By Holly Reeves
Vietnamese lenders make up a fifth of the top 100 ASEAN banks in 2016 says The Banker, a leading financial industry publication.
It is an interesting situation. Vietnam’s banks actually have 19 representatives on the top 100 list this year, growing their assets by the second highest amount in the region – an impressive 15.66%. However, the same report also underlines that only 30.86% of the population aged 15 or over have a bank account. That leaves 60 million people without access to banking services. Or at least, access to traditional banking services.
The millennial boom
Although historically a cash economy, Vietnam is quickly developing a reputation for its financial technology (or fintech). “One year ago nobody here knew what it was,” explains Chris König, a Swiss financial technology expert based in Ho Chi Minh City. “Now, we recently had our second fintech Meetup in Saigon, and 100 people wanted to attend.”
According to König, around half of all Vietnamese fintech startups are looking to mobile payments. And that’s due to a perfect storm in the Vietnamese demographic.
“Vietnam has many digital natives,” he explains, “Most Vietnamese are between 15 and 35 years old and there’s a very high mobile penetration.
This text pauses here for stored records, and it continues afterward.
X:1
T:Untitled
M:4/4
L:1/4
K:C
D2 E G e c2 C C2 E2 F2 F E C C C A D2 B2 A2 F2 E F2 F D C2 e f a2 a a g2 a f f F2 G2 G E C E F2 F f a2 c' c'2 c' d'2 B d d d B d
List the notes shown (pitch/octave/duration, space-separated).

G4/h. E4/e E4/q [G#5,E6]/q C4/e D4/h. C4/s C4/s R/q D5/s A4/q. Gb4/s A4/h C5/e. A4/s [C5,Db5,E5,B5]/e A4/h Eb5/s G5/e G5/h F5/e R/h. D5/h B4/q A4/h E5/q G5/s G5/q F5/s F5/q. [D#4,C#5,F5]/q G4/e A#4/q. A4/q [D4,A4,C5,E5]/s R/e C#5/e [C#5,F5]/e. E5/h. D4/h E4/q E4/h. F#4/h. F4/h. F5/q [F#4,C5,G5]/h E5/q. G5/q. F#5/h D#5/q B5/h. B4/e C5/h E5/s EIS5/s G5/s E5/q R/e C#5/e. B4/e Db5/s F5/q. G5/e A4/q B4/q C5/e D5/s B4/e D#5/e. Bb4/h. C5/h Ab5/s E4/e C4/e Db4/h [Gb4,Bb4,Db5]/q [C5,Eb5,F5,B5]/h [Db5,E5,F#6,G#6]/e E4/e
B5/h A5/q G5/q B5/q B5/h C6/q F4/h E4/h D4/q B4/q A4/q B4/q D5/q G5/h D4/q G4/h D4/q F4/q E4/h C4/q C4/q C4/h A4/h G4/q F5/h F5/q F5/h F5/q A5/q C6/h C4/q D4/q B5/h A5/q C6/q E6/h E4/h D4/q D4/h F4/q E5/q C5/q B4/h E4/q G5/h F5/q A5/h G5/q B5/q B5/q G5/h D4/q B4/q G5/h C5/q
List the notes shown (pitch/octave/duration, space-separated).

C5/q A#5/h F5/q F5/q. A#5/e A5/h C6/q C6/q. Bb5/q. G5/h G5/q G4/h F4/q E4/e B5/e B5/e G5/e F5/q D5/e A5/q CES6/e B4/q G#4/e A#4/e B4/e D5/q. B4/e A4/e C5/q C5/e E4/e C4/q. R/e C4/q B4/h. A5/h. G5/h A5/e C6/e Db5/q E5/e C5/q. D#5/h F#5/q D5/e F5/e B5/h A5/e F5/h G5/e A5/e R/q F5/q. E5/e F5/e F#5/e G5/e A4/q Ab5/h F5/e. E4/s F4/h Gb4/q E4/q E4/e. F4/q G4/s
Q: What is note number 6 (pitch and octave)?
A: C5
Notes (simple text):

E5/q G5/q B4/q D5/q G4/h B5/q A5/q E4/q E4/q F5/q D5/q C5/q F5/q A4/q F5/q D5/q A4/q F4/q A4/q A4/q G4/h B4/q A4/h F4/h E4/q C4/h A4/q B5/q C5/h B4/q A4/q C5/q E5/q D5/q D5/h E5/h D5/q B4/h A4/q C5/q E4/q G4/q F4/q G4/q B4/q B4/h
Around 40 million Vietnamese now have access to the internet – that’s about 44% of the population.”
Bearing in mind that only 30% of people have bank accounts, you will start to see the potential for digital services. Yes, in Vietnam, there are more smartphones than banking customers.
A bull market
So what does Vietnam’s fintech market look like?
In a word, crowded. You can pay a bill, withdraw cash or shop online with any one of the 1Pay, Payoo, VN Pay or many other mobile applications available. Among these is Timo, the country’s first digital bank. Timo provides users with all the typical products provided by traditional services, such as checking and saving accounts, all manageable via a user-friendly mobile app.
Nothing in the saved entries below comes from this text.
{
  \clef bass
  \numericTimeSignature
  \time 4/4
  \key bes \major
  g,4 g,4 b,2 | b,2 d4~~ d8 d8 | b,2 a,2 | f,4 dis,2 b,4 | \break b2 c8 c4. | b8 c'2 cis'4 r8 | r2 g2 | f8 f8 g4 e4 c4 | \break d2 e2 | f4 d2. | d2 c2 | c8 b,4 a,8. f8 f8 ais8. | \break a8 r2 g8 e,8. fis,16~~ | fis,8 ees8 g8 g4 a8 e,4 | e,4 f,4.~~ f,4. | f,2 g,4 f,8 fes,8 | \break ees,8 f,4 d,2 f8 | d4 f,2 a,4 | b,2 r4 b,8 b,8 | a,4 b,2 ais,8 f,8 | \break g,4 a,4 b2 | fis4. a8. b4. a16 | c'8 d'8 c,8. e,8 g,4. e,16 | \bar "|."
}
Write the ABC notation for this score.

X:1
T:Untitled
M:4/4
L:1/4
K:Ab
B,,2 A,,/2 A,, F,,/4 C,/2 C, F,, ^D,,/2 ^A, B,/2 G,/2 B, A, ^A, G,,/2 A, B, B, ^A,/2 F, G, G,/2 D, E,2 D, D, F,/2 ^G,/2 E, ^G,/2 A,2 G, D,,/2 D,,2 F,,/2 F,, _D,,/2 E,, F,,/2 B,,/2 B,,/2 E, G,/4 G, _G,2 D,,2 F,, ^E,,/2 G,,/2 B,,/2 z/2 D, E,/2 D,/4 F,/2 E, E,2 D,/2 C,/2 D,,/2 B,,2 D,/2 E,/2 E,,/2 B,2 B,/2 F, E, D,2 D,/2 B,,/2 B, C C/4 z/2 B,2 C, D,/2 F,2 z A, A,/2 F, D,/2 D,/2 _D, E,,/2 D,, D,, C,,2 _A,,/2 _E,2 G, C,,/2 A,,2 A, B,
Another hot property to watch is the startup M_Service, from the company behind the country’s mobile e-wallet MoMo. It recently announced it has raised $28 million from Standard Chartered Private Equity (SCPE) and global investment bank Goldman Sachs. “A lot of venture capitalists and investors are now eyeing fintech in Vietnam,” explains König.
So what is it that makes Vietnam so suitable for this type of development? The banking sector is quite traditional, usually relying on face-to-face interactions and paperwork – a process that just doesn’t suit the country’s largely rural citizens, used to dealing in cash, and comfortable with using informal channels to move money between friends and family.
At the core of the issue is low consumer confidence in online payments and limited card penetration, though this attitude is changing. According to global management consulting firm McKinsey’s 2015 report on digital banking in ASEAN, they found on average that the “proportion of people using digital banking through personal computers or smartphones doubled from 2011 to 2014, with Indonesia and Vietnam showing about sevenfold growth.”
Bridging the payment gap
Vietnam’s vital remittance market, last year worth over $12.3 billion, could well be disrupted by these emerging technologies. The US to Vietnam is one of the top three remittance bridges in Southeast Asia, and if fintech applications were able to cut money transfer fees, then there would be benefits for GDP growth.
According to McKinsey, “In most instances, incumbents appear poised to capture the bigger portion of these opportunities as consumer relationships in the financial sector in ASEAN countries consolidate. Nevertheless, innovative offerings and a growing sophistication among consumers could leave room for attackers.”
But what might these “attackers” look like? According to Chris König, “In general the Vietnamese market is very tricky and you need to understand the culture. Also the power of collaboration is not yet really well known here and it’s all about trust. Most people don’t trust banks and online banking which might give room for a big player, such as Facebook.”
In fact, those in the know say it would be no surprise to see Facebook, or some of its big social friends, attempt to enter this market. According to industry whispers published in Forbes just this week, the currently dormant code in Facebook’s Messenger app may soon allow you to pay for goods “in person” or “pay directly in Messenger when you pick up the item”, without the need for cash.
To the victor, the spoils
A final thought from McKinsey. Despite a dynamic market, the regulatory environment in ASEAN will continue to compel face-to-face meetings. These measures, put in place to “know your customer” and to prevent money-laundering, mean it could be a while before truly pure digital offerings are widely available to all.
In the meantime, players both old and new have an opportunity to reach out to those without any banking relationship as they seek to scrabble to the top of this new financial order. Those that can cater to the needs of affluent digital natives can seize a significant share of this growing, and lucrative, market.
However, in the fight for the cream of the crowded Vietnamese market, they’ll need to survive first.